Recently, nonsarcomeric protein mutations in 2 genes (gamma-2 regulatory subunit of AMP-activated protein kinase, PRKAG2, and lysosome-associated membrane protein 2, LAMP2) involved in glycogen accumulation in cardiac myocytes have also been reported to be responsible for a less common type of HCM, known as metabolic HCM [13]. Clinical features of metabolic HCM are also the high prevalence of electrical abnormalities (ventricular pre-excitation and atrial fibrillation) and faster progression from hypertrophy to dilation and severe heart failure with respect to HCM. Mutations in the PRKAG2 or in LAMP2 genes are believed to account for about 1% of all HCM and for up to 50% of HCM with ventricular preexcitation [1618].

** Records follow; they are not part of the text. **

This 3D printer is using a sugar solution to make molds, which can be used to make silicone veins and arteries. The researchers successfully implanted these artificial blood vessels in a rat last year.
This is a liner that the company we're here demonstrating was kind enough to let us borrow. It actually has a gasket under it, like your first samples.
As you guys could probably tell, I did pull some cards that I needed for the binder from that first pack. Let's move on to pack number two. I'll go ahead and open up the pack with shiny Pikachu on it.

Genetic testing for mutant genes is the most definitive method for establishing the diagnosis of HCM, and some genotype-phenotype correlations can be useful to address DNA analyses in specific genes. For example, HCM with late onset, good prognosis and mild hypertrophy can help to target DNA analysis for MYBPC3 mutations. Conversely, the presence a more malignant phenotype with a high risk of SCD, may guide genetic screening for MYH7 mutations in the presence of severe hypertrophy or TNNT2 mutations if the degree of hypertrophy is mild (Figure 3).

Figure 3
figure 3

Potential guidelines for genetic test selection in inherited hypertrophic cardiomyopathy.

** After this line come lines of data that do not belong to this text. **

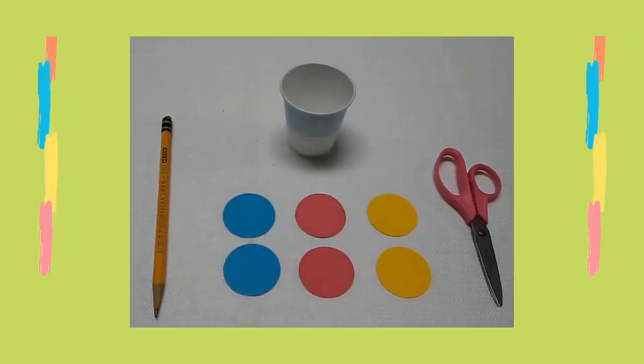First, I used a pencil and a three-ounce paper cup and I traced two circles on blue, red, and yellow construction paper. Then I cut out the circles.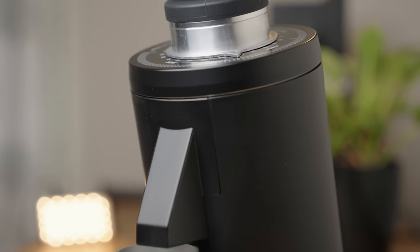Sitting next to it is the bigger brother, the DF83, and this too is currently on its second iteration called the DF83 V2. Having never used any of the DF grinders in the past puts me in a rather unique position to review them without comparing to previous iterations. This is great because it's a clean slate and I get to be a lot more critical.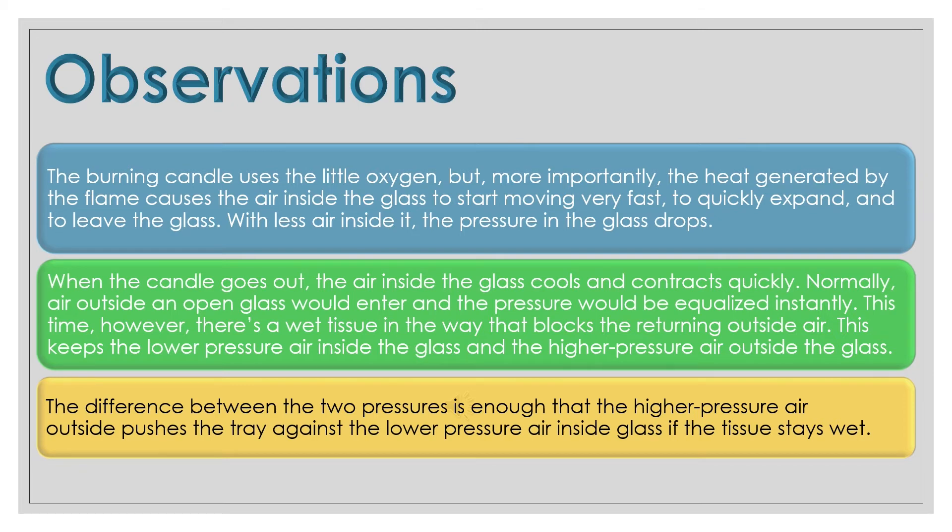When the candle goes out, the air inside the glass cools and contracts quickly. Normally, air outside an open glass would enter and the pressure would be equalized instantly. This time, however, there's a wet tissue in the way that blocks the returning outside air. This keeps the lower pressure air inside the glass and the higher pressure air outside the glass.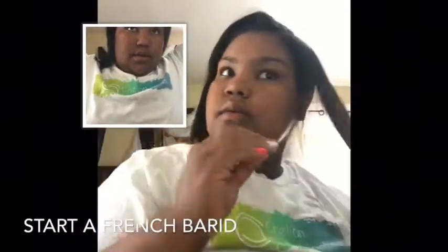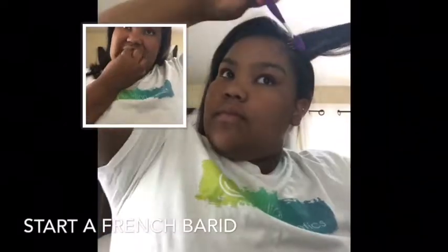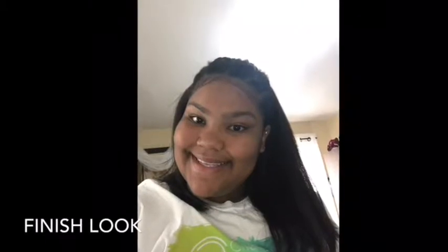Right after you're done braiding, you're going to take the four braids and tie them up with one last tie. The second hairstyle that we're going to be doing is simple.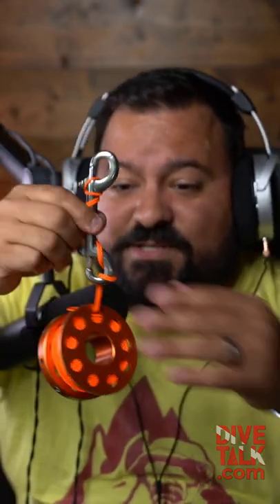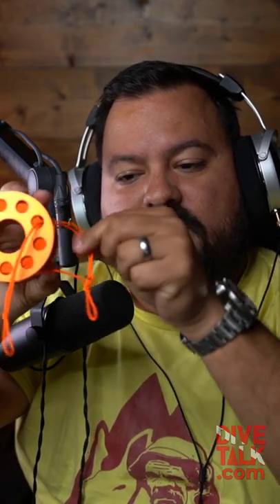So when you need to use it, all we do is take it out. And now watch — something that was very difficult to do before, which is grabbing the line through the hole, it's easy because we have a loop. See? That's it.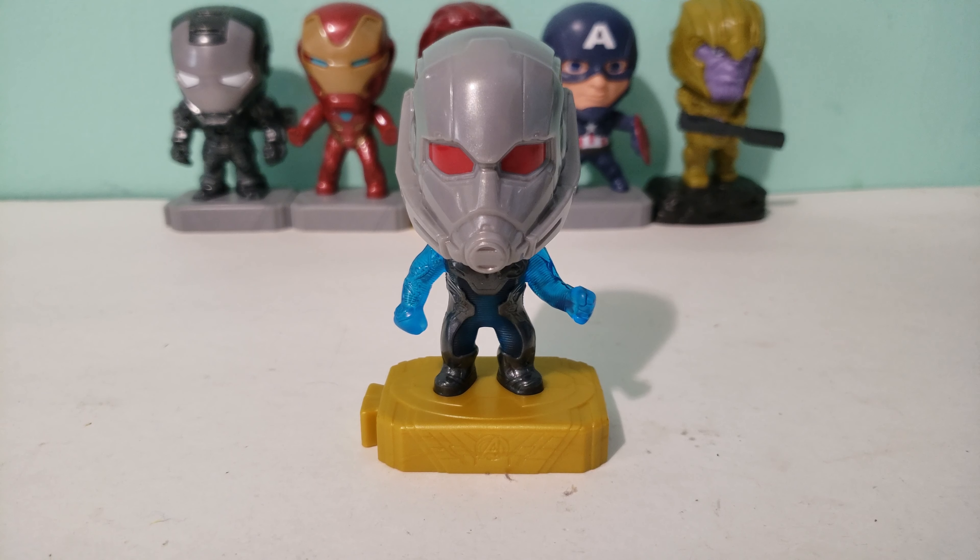And anyways that's basically it for this video. As soon as I get more of these characters I think I'm going to take some cool Instagram pictures with these and post on my Instagram and Facebook, so be sure to follow me on Instagram and like my Facebook page.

However, caution is required because genotype-phenotype correlations are based on a small population. In addition, the coinheritance of compound mutations (more than 1 mutation in a single gene, or mutations in 2 different genes) is more common than might be expected and can explain why different families that appear to have the same mutation can behave differently.

Dilated cardiomyopathy (DCM)

Dilated cardiomyopathy (DCM) is a common (estimated 1:2500 persons) and largely irreversible form of heart muscle disease; it is the third most common cause of heart failure in the young and a major cause of heart transplantation [9].

DCM, diagnosed by 2-dimensional echocardiography, is characterized by left ventricular dilation and impaired left ventricular systolic function, often with involvement of the right ventricle, which then lead to ventricular and supraventricular arrhythmias, conduction system abnormalities, thromboembolism, and sudden or heart failure-related death.

DCM may derive from a particularly broad range of primary causes, including infectious agents, toxins, chronic excessive consumption of alcohol, chemotherapeutic agents, autoimmune, neuromuscular disorders, mitochondrial, metabolic and endocrine disorders.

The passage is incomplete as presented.